When I see articles about: - Austerity, - Wage growth, - Universal basic income, - Death of middle class, - Rise of right-wing parties, - Anti-free trade lobbying, - Donald Trump and Bernie Sanders; I read all of them with same lens. I know my knowledge of economics is medium at best, but I'm starting to look twice at ideas such as UBI. Maybe there needs to be a rethink of the Western social contract around labour.

3 comments

The biggest problem, when I look at the American labor market, is that it seems physically unjust.

The sweat of a person's brow and the wear and tear on their body should have some intrinsic value above and beyond what the market will bear.

That someone working as a farm hand, mover, framer, or roofer gets paid a pittance compared to what I earn for sitting in a climate controlled office, moving my fingers, and thinking? I can't reconcile that with any definition of "fair."

UBI is perhaps one way to address this. Wealth transfer to increase robotics usage and physical mechanization / automation application is perhaps another.

But no one should end up with a broken body at 65 just because we stopped aspiring to do better by each other.

>That someone working as a farm hand, mover, framer, or roofer gets paid a pittance compared to what I earn for sitting in a climate controlled office, moving my fingers, and thinking? I can't reconcile that with any definition of "fair."

We all know manual labor isn't that productive, so there's an upper limit on how much the laborer can be paid (the marginal productivity). The problem is the exploitation: the wages unorganized workers receive are far, far below their marginal productivity.

Economies are based around scarcity. In the fictional economies of Sci-Fi like Star Trek, there is no scarcity. If you can replicate a Rembrandt, atom by atom, it essentially loses its value.

Today is all about me creating something, convincing you that you need it, and getting enough "yous" to contribute that I make enough to produce said thing. When you really start to break it down, money is like the Ghz speed of a processor or the Calorie measure used to measure energy in food. It's a poor measure of worth. We see people with millions of money, just because they convinced some poor smoo their life wouldn't be complete without this shitty knife.

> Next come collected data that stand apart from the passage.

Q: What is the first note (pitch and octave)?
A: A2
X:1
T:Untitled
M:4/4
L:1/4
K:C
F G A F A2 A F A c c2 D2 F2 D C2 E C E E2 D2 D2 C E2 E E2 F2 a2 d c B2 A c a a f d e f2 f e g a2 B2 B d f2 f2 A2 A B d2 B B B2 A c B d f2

If you believe in Glenn Renolds version of reality (Army of Davids), technology is what will level the scale. But he wrote that a decade ago and it hasn't really held true. There are Kickstarters and crowd-funding, but it's all still based around the same failing model.

We need some pretty big technological breakthroughs: truly mastering the atom. Right now we can only blow shit up (and by we I mean the ones with the money, resources and power to build atomic bombs) or generate power by breaking apart that atom to boil and pressurize water.

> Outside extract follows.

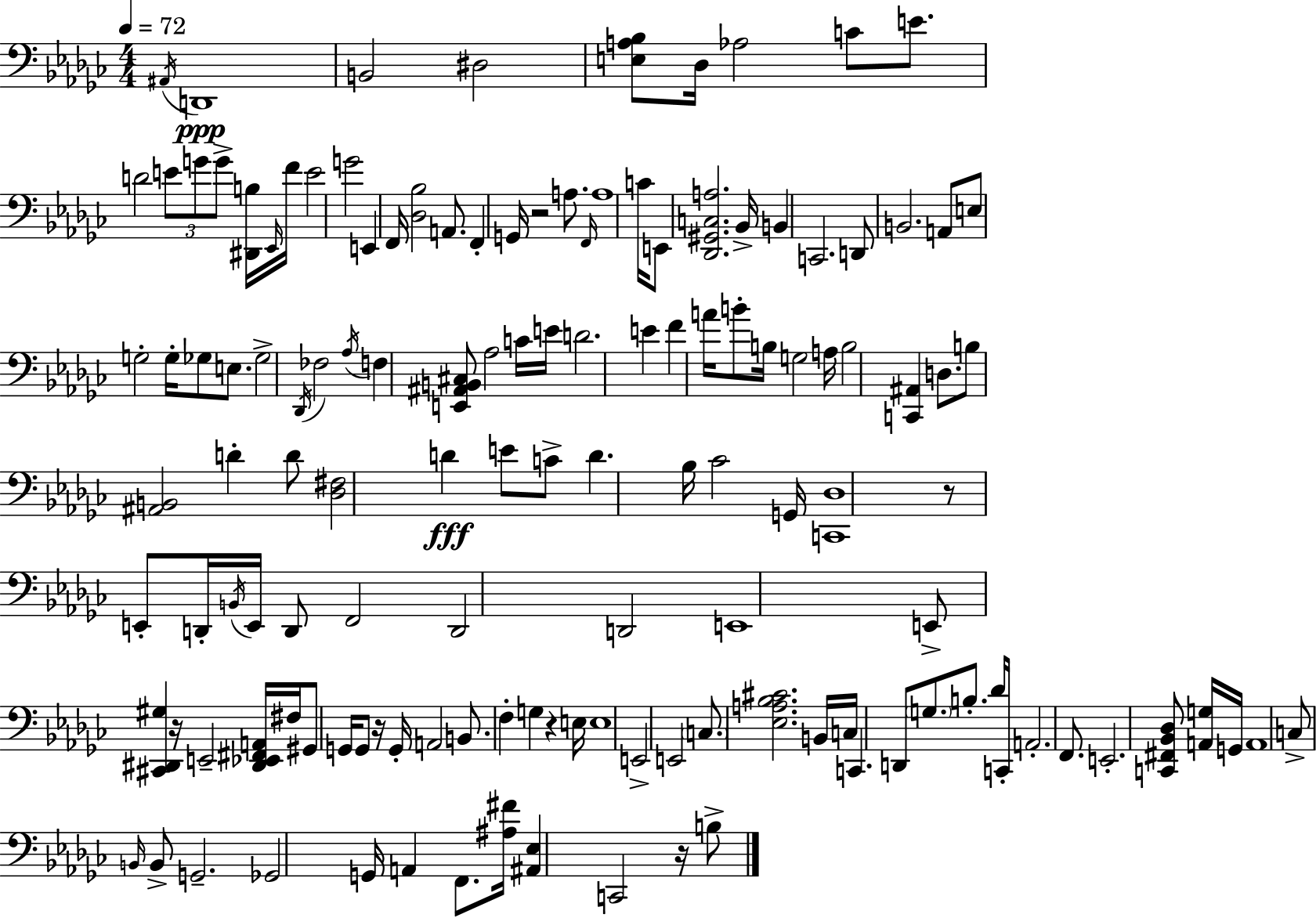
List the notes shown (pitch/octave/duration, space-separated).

A#2/s D2/w B2/h D#3/h [E3,A3,Bb3]/e Db3/s Ab3/h C4/e E4/e. D4/h E4/e G4/e G4/e [D#2,B3]/s Eb2/s F4/s E4/h G4/h E2/q F2/s [Db3,Bb3]/h A2/e. F2/q G2/s R/h A3/e. F2/s A3/w C4/s E2/e [Db2,G#2,C3,A3]/h. Bb2/s B2/q C2/h. D2/e B2/h. A2/e E3/e G3/h G3/s Gb3/e E3/e. Gb3/h Db2/s FES3/h Ab3/s F3/q [E2,A#2,B2,C#3]/e Ab3/h C4/s E4/s D4/h. E4/q F4/q A4/s B4/e B3/s G3/h A3/s B3/h [C2,A#2]/q D3/e. B3/e [A#2,B2]/h D4/q D4/e [Db3,F#3]/h D4/q E4/e C4/e D4/q. Bb3/s CES4/h G2/s [C2,Db3]/w R/e E2/e D2/s B2/s E2/s D2/e F2/h D2/h D2/h E2/w E2/e [C#2,D#2,G#3]/q R/s E2/h [D#2,Eb2,F#2,A2]/s F#3/s G#2/e G2/s G2/e R/s G2/s A2/h B2/e. F3/q G3/q R/q E3/s E3/w E2/h E2/h C3/e. [Eb3,A3,Bb3,C#4]/h. B2/s C3/s C2/q. D2/e G3/e. B3/e. Db4/s C2/s A2/h. F2/e. E2/h. [C2,F#2,Bb2,Db3]/e [A2,G3]/s G2/s A2/w C3/e B2/s B2/e G2/h. Gb2/h G2/s A2/q F2/e. [A#3,F#4]/s [A#2,Eb3]/q C2/h R/s B3/e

Humanity needs to solve the energy problem: both producing large amounts of power in non-polluting ways and storing power more efficiently.

Humanity needs to truly master the atom: to be able to manipulate atoms with a reasonable amount of energy to easily synthesize things (3D and chemical printers on steroids)

Humanity needs to move beyond money. Once you eliminate scarcity, money will essentially become worthless; an archaic idea.

This might all seem crazy and well beyond even the realm of what's possible. But I really feel like if it's not, humanity may only have another 3,000 ~ 5,000 years left. It's pretty much the simulation theory argument: we either continue to evolve and develop to the point where we could partially simulate enough of our world that the simulations would be self away (feel real) ... or we go extinct... Even if we go back and fourth between the stone age due to war/conflict ... eventually one of those two outcomes is inevitable.

I really feel if humanity is here 5,000 from now, money will be an ancient concept that people will have difficult comprehending.

Forget about the content of the articles and instead look at the themes.

The current system is fundamentally broken and levers that governments have to "fix" things aren't working as they (claim to) want.

Everyone is looking for someone to blame instead of debugging what's there and seeing if there is a way to change things before they go (more) catastrophic.